● **What you are asked to do**: Exactly the lines from the one containing "The people we" through the one containing "First up, open" in the listing below are to be copied, with the pictures left out.

━━ Data supplied ━━

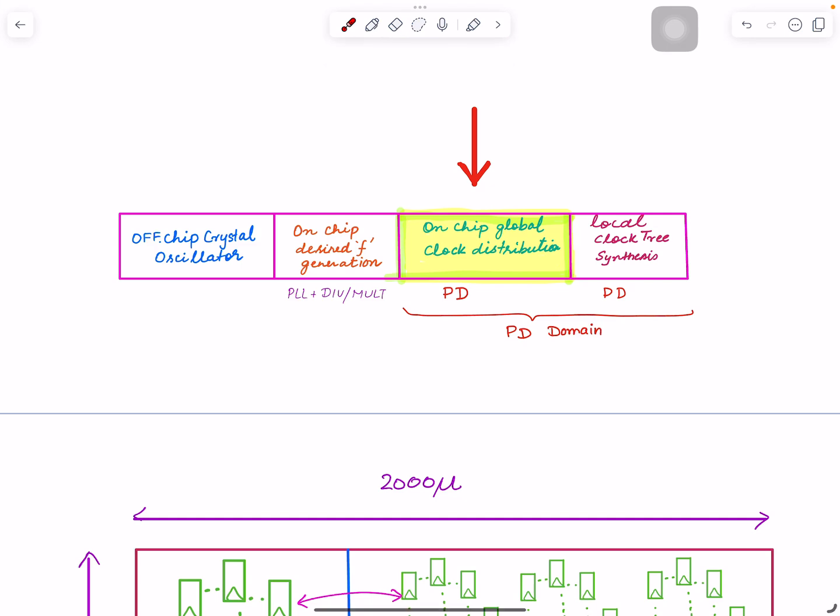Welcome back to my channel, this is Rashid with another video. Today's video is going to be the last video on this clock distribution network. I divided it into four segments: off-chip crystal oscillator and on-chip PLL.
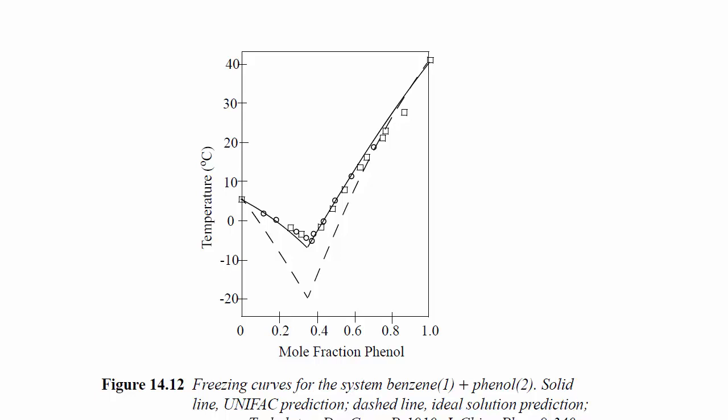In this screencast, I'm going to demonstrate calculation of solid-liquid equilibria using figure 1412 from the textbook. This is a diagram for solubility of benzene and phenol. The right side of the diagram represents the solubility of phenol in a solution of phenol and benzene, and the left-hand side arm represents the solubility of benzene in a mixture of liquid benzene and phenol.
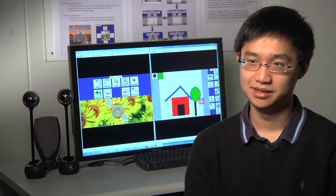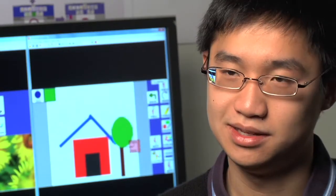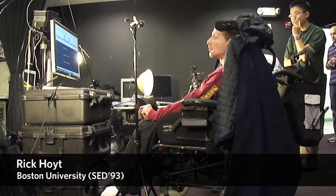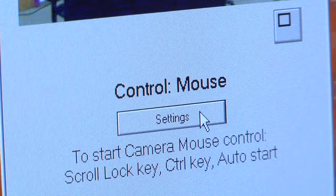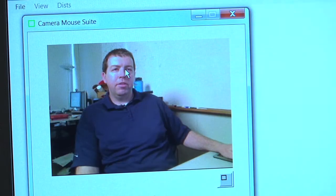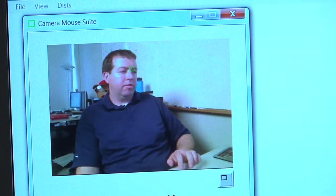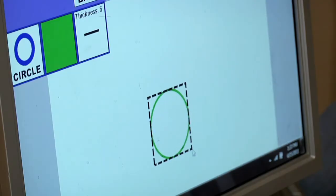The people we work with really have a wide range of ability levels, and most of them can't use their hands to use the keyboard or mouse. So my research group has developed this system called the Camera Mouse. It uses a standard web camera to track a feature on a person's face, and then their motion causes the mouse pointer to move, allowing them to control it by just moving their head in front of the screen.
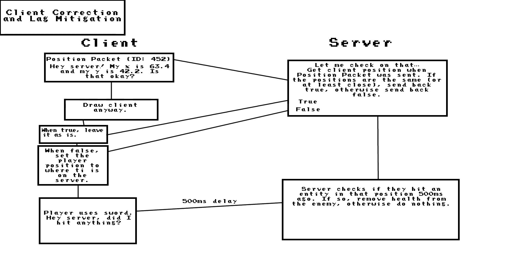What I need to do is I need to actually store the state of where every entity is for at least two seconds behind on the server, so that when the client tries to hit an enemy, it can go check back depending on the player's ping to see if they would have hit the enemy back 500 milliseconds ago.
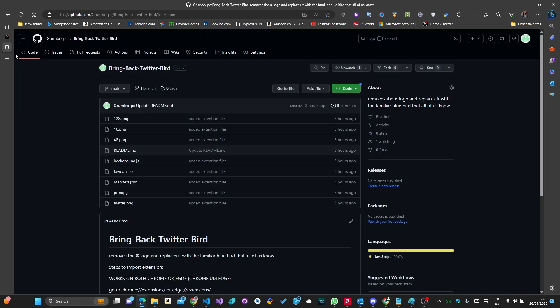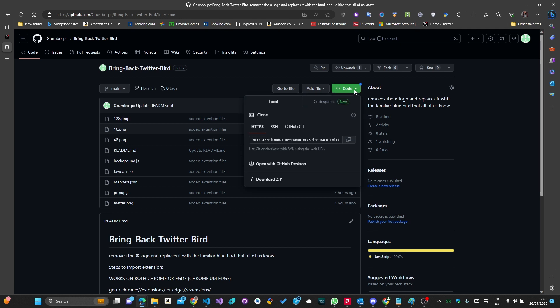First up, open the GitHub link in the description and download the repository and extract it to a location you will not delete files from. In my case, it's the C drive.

━━━
━━ Data supplied ━━

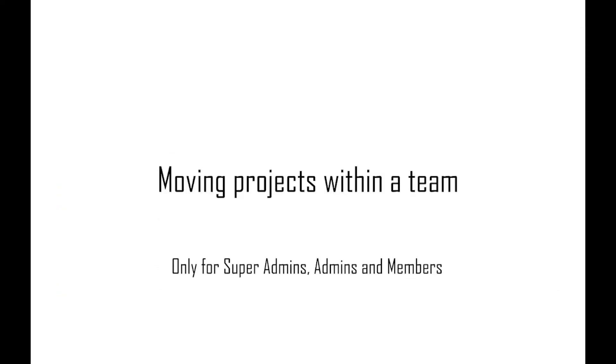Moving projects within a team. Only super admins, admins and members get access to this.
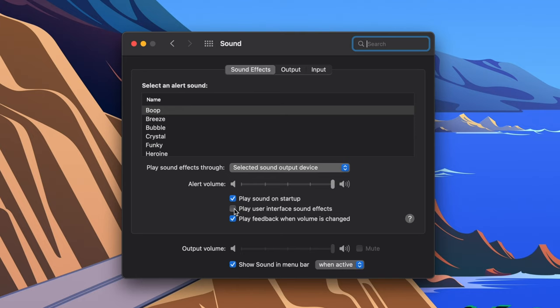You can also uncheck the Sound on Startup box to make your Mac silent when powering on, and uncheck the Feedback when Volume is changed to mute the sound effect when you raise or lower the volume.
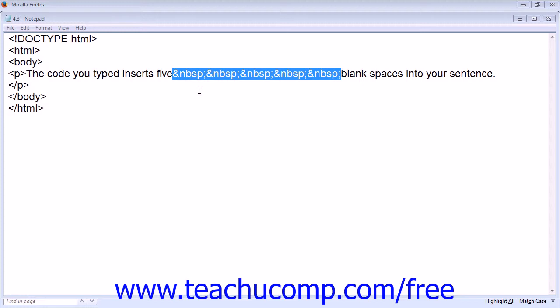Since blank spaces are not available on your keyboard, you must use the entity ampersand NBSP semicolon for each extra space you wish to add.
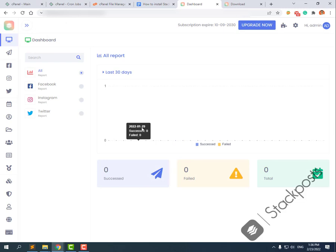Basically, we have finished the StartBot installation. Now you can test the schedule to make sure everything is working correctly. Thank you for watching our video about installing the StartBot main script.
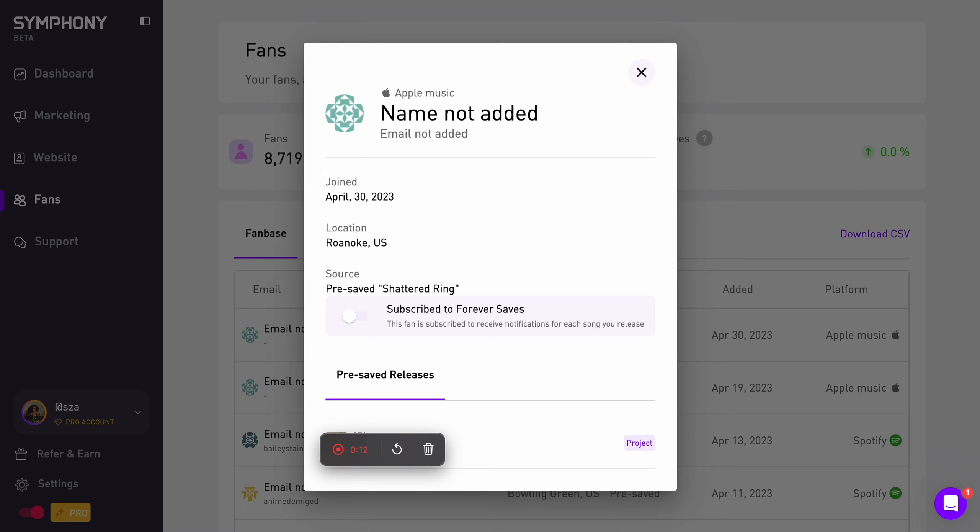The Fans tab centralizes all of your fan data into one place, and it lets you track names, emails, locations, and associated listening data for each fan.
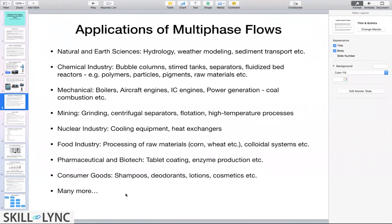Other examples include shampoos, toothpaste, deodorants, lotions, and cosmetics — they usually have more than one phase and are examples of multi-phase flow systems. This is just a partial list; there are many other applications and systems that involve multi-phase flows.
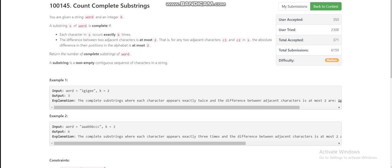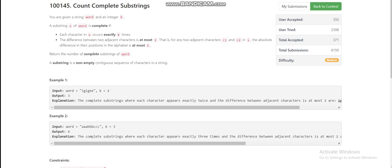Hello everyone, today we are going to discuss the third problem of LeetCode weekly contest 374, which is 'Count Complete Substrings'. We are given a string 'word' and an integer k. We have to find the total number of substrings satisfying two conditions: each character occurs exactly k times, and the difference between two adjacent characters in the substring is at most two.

━━━

● **Response below**:
The people we work with really have a wide range of ability levels, and most of them can't use their hands to use the keyboard or mouse. So my research group has developed this system called the Camera Mouse. It uses a standard web camera to track a feature on a person's face, and then their motion causes the mouse pointer to move, allowing them to control it by just moving their head in front of the screen.
What I need to do is I need to actually store the state of where every entity is for at least two seconds behind on the server, so that when the client tries to hit an enemy, it can go check back depending on the player's ping to see if they would have hit the enemy back 500 milliseconds ago.
First up, open the GitHub link in the description and download the repository and extract it to a location you will not delete files from. In my case, it's the C drive.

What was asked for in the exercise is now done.